◆ What the task asks
Retype the data exactly, skipping any picture in it.

*** Data provided

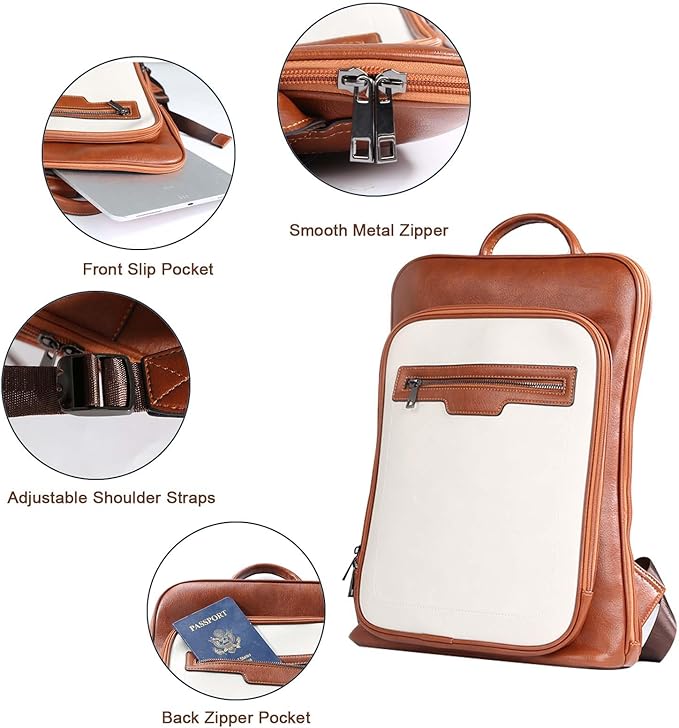 Leather Laptop Backpack, Women and Men Backpack Travel Business Work College Water Resistant Anti Theft Daypack Slim Large fits for 15.6 inch Notebook Computer bag, Off White+ Brown…
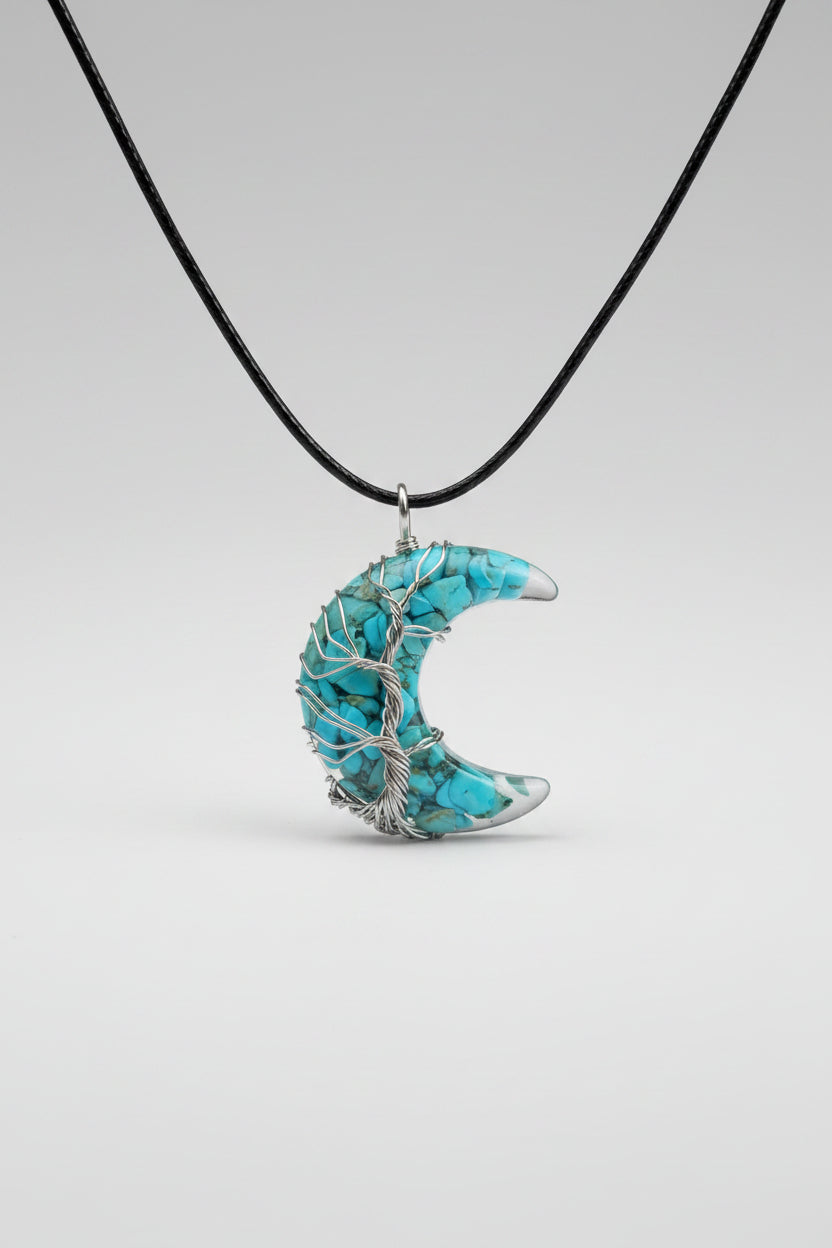 Wire Wrapped Turquoise Tree of Life Crescent Moon Pendant Necklace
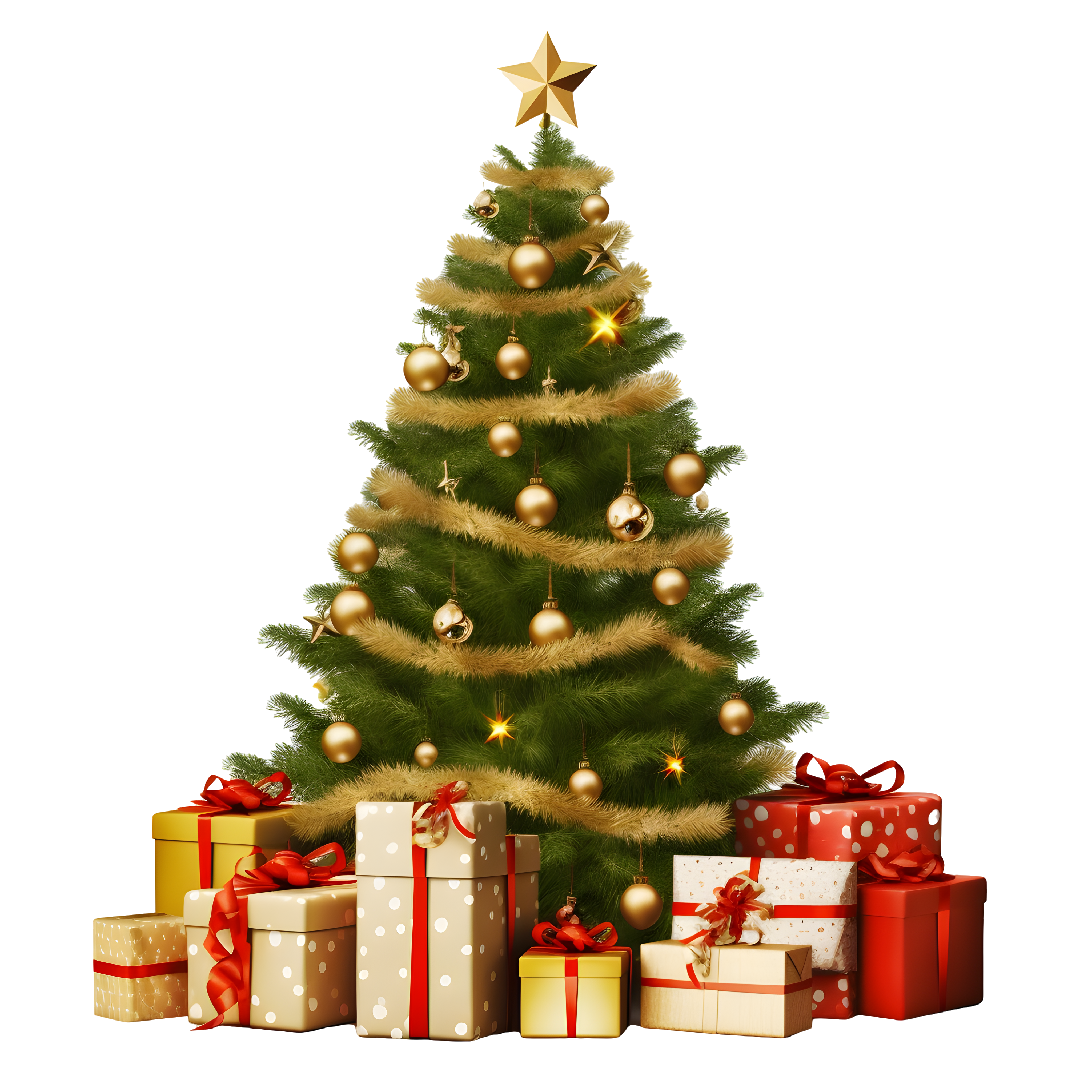 Illustration of a green Christmas tree with decorations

******

◆ Answer space
 Leather Laptop Backpack, Women and Men Backpack Travel Business Work College Water Resistant Anti Theft Daypack Slim Large fits for 15.6 inch Notebook Computer bag, Off White+ Brown…
 Wire Wrapped Turquoise Tree of Life Crescent Moon Pendant Necklace
 Illustration of a green Christmas tree with decorations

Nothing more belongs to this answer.